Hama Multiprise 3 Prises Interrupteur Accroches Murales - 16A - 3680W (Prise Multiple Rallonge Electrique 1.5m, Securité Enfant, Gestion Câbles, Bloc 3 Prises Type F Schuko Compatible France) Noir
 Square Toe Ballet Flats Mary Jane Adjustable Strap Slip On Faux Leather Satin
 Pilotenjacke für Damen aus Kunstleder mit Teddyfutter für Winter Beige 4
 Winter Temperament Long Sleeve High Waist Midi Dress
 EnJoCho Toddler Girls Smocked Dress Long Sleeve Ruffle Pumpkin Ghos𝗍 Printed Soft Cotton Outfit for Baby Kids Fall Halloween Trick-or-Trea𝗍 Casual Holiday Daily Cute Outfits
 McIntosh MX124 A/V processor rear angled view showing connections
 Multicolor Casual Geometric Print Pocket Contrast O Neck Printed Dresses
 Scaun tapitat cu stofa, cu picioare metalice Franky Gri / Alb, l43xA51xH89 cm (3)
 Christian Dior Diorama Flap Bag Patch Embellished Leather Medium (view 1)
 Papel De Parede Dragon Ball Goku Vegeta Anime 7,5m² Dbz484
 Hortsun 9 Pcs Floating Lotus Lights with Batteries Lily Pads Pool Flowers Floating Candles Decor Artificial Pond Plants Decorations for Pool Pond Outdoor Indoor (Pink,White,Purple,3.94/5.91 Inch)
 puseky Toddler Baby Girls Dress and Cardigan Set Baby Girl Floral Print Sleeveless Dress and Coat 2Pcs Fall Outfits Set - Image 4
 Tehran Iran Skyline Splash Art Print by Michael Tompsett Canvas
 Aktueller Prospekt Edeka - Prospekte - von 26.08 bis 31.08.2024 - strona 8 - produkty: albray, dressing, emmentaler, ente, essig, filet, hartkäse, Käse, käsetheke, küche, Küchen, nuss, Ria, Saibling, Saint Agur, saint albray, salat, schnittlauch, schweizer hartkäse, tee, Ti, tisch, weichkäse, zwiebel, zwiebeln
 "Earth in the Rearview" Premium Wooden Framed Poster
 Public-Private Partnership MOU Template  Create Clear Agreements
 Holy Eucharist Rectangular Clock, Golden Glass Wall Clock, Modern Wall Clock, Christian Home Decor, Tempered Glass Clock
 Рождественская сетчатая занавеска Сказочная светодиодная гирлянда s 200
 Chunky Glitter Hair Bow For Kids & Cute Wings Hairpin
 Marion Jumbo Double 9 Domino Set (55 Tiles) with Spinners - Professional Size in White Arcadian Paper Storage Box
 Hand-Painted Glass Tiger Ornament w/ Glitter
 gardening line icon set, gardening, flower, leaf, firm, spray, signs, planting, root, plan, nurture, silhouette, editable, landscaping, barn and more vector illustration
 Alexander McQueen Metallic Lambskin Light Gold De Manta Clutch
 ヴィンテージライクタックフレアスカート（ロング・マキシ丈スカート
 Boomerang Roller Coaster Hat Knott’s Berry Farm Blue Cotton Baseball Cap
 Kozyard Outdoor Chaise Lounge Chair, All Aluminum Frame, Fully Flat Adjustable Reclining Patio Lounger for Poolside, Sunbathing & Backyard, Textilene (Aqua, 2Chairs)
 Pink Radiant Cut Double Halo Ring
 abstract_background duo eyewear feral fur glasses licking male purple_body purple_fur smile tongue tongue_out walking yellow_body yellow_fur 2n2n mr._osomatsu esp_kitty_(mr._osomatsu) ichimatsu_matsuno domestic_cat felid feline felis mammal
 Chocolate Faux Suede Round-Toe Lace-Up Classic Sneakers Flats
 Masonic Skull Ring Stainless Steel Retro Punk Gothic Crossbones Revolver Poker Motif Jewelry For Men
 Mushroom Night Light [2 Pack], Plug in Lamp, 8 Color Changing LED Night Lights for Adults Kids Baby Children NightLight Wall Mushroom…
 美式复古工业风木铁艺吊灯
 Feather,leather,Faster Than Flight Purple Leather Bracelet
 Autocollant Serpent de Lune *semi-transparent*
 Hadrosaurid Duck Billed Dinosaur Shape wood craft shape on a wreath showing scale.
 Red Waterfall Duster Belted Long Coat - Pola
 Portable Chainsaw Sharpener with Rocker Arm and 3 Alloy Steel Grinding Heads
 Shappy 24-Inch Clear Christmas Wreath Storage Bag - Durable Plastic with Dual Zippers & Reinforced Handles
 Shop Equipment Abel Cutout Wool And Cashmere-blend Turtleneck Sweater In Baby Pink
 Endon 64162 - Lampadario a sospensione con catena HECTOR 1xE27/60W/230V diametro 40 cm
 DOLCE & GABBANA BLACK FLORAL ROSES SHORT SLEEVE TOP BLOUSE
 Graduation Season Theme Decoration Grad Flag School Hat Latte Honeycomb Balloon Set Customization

○ ○ ○

To do: Your answer should be the lines above, from the line containing "美式复古工业风木铁艺吊灯" up to and including the line containing "Red Waterfall Duster Belted Long Coat - Pola", reproduced exactly and with nothing else.

The answer:
 美式复古工业风木铁艺吊灯
 Feather,leather,Faster Than Flight Purple Leather Bracelet
 Autocollant Serpent de Lune *semi-transparent*
 Hadrosaurid Duck Billed Dinosaur Shape wood craft shape on a wreath showing scale.
 Red Waterfall Duster Belted Long Coat - Pola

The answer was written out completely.